### The records ###

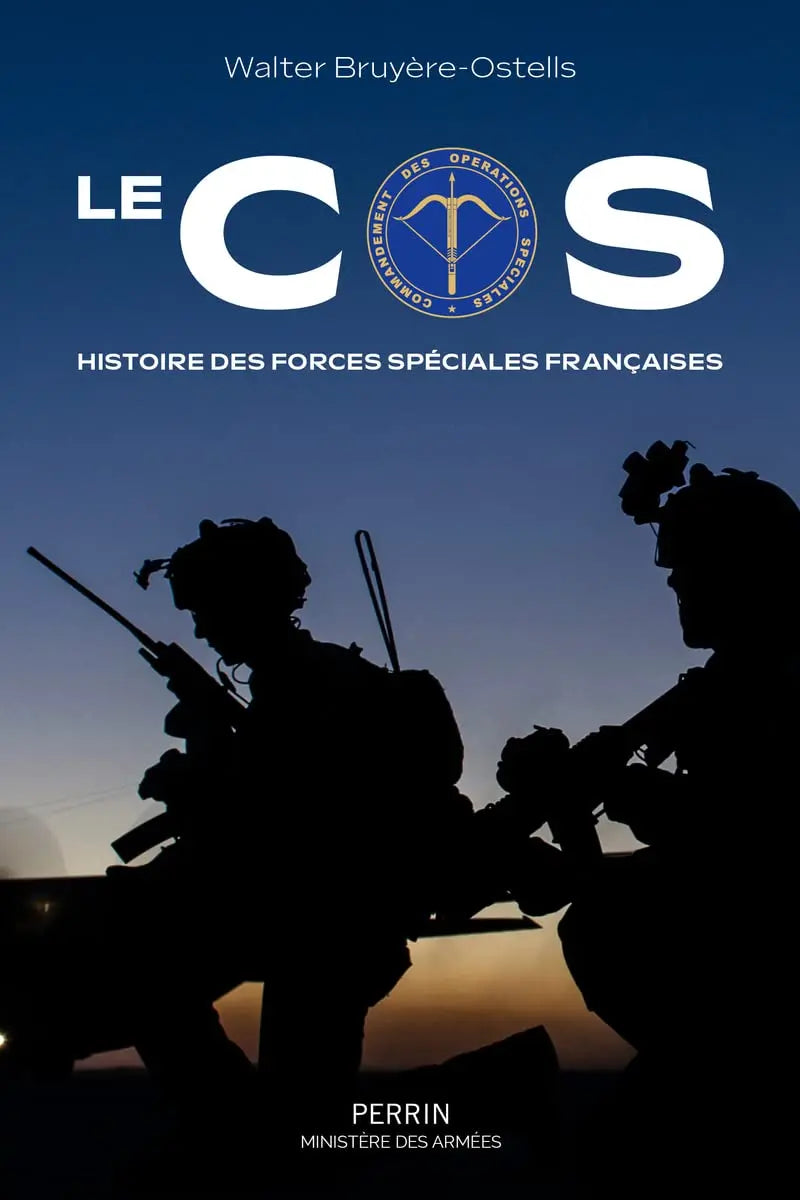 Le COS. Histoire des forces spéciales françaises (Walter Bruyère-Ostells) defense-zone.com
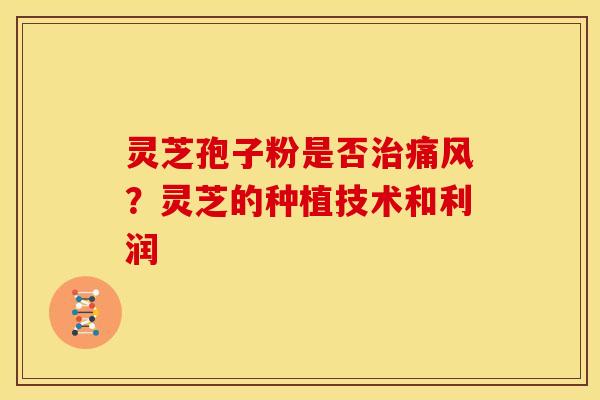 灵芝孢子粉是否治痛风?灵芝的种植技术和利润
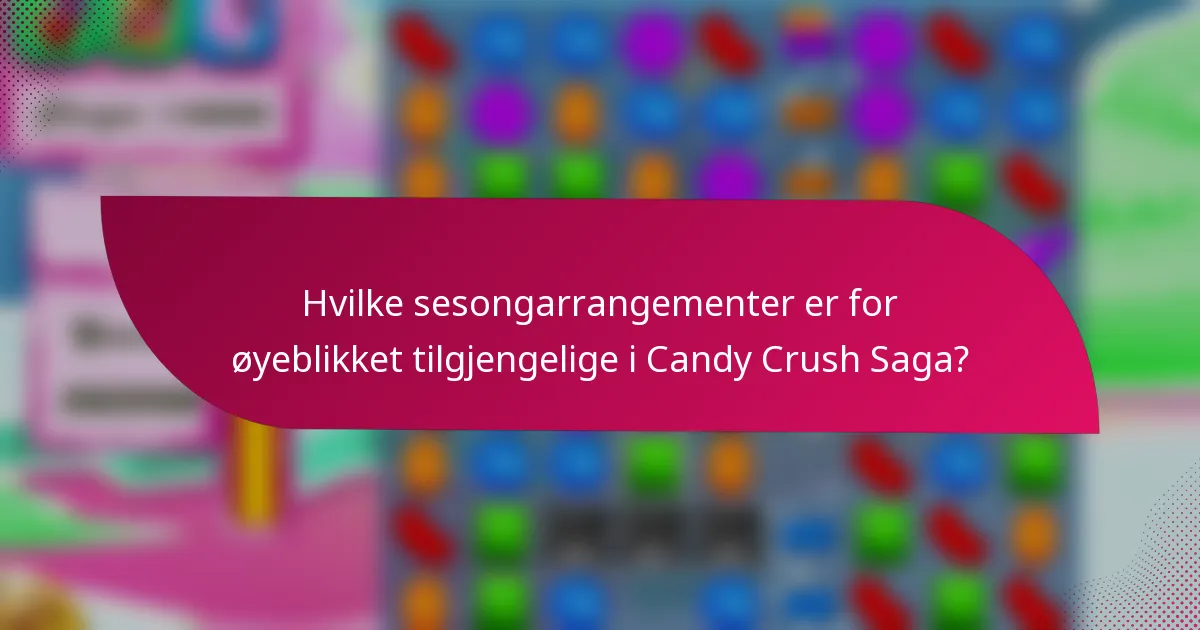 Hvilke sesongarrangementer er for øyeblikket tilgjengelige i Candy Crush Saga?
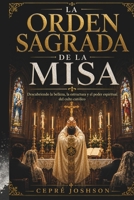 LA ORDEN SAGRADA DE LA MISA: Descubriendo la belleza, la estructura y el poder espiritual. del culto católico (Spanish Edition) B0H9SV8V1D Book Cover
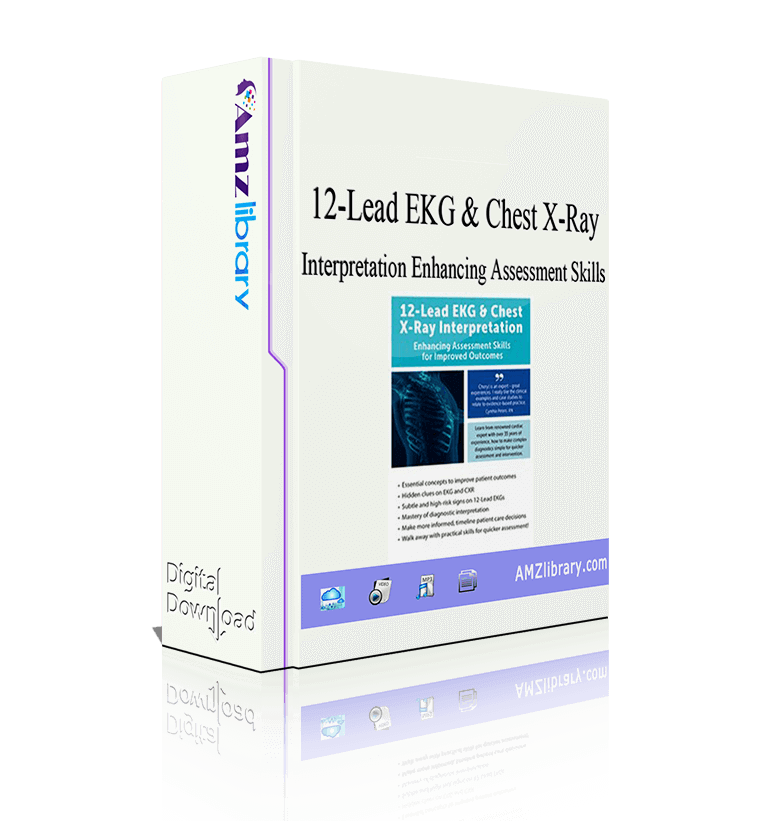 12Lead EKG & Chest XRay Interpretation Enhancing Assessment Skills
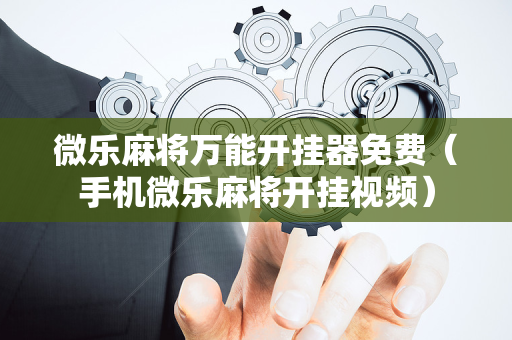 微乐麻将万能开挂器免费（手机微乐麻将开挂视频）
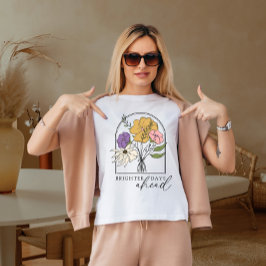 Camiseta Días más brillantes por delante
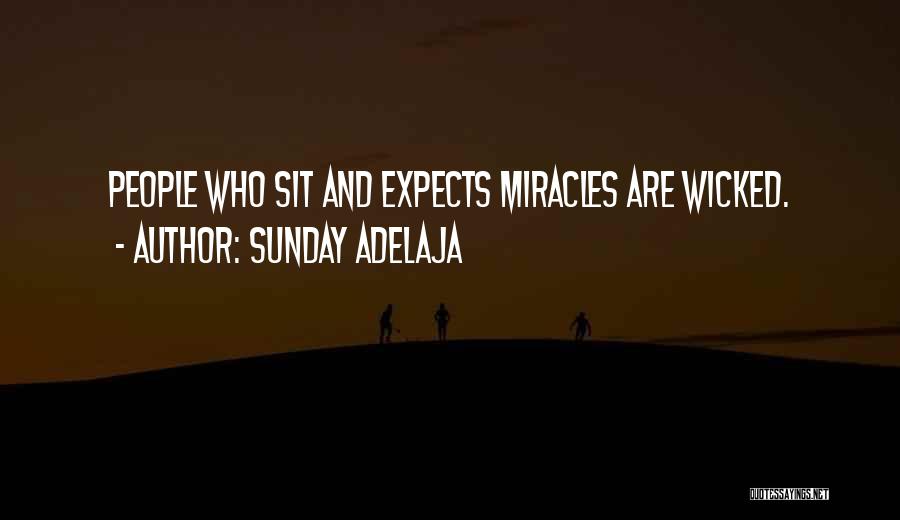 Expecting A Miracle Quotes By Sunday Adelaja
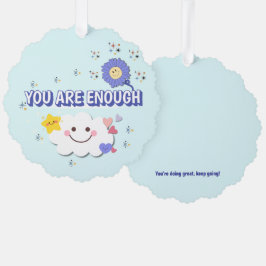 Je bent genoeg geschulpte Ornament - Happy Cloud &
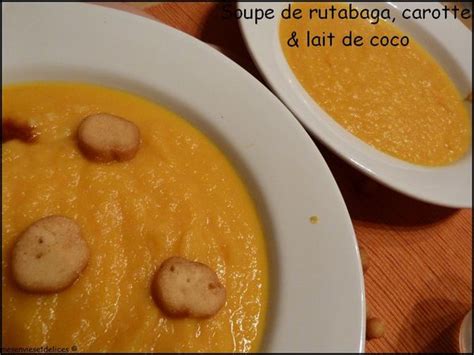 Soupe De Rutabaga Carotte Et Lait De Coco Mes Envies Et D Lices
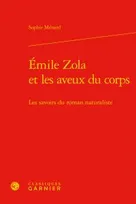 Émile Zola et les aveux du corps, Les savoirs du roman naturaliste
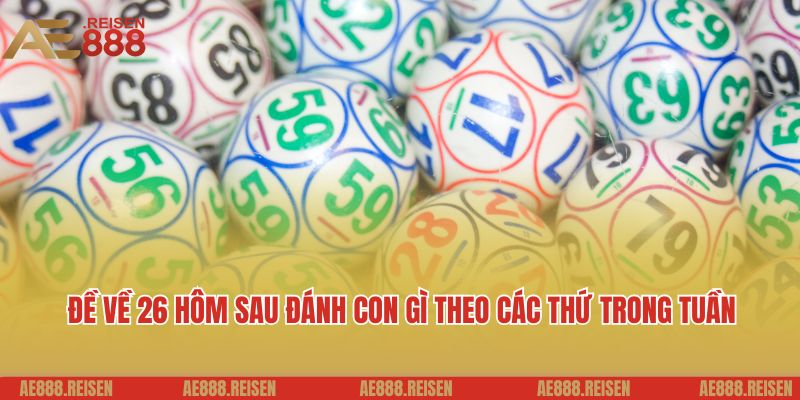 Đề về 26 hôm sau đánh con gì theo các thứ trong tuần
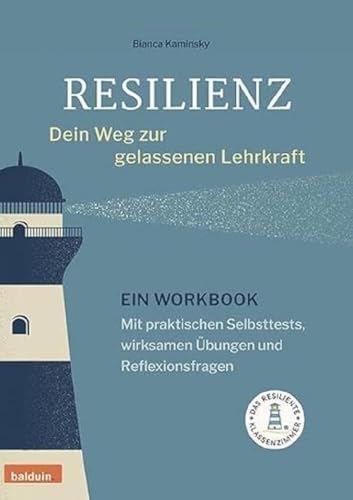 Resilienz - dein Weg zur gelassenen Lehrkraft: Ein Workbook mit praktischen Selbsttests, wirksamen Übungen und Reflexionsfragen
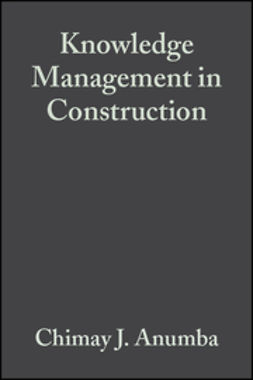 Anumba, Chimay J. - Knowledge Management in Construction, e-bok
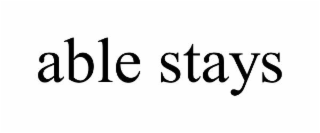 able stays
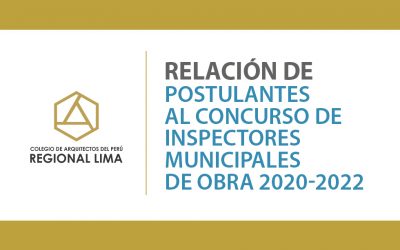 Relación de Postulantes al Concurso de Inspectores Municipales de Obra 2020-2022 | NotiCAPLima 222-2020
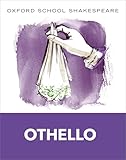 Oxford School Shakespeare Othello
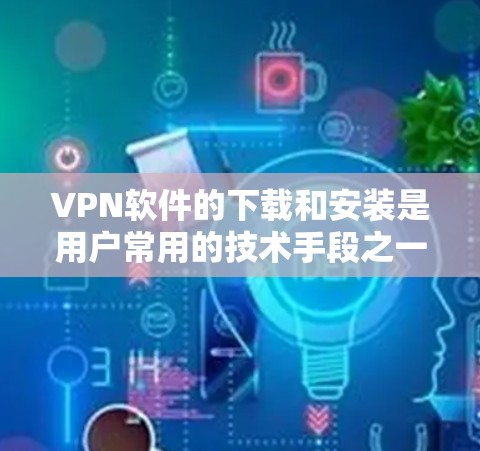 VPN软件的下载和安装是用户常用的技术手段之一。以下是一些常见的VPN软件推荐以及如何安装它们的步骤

###

* **What is required**:
Only the lines from the one with "Émile Zola et" through the last line above belong in the answer. Reproduce them exactly, without the pictures.

* **Answer to the exercise**:
 Émile Zola et les aveux du corps, Les savoirs du roman naturaliste
 Đề về 26 hôm sau đánh con gì theo các thứ trong tuần
 Resilienz - dein Weg zur gelassenen Lehrkraft: Ein Workbook mit praktischen Selbsttests, wirksamen Übungen und Reflexionsfragen
 Anumba, Chimay J. - Knowledge Management in Construction, e-bok
 able stays
 Relación de Postulantes al Concurso de Inspectores Municipales de Obra 2020-2022 | NotiCAPLima 222-2020
 Oxford School Shakespeare Othello
 VPN软件的下载和安装是用户常用的技术手段之一。以下是一些常见的VPN软件推荐以及如何安装它们的步骤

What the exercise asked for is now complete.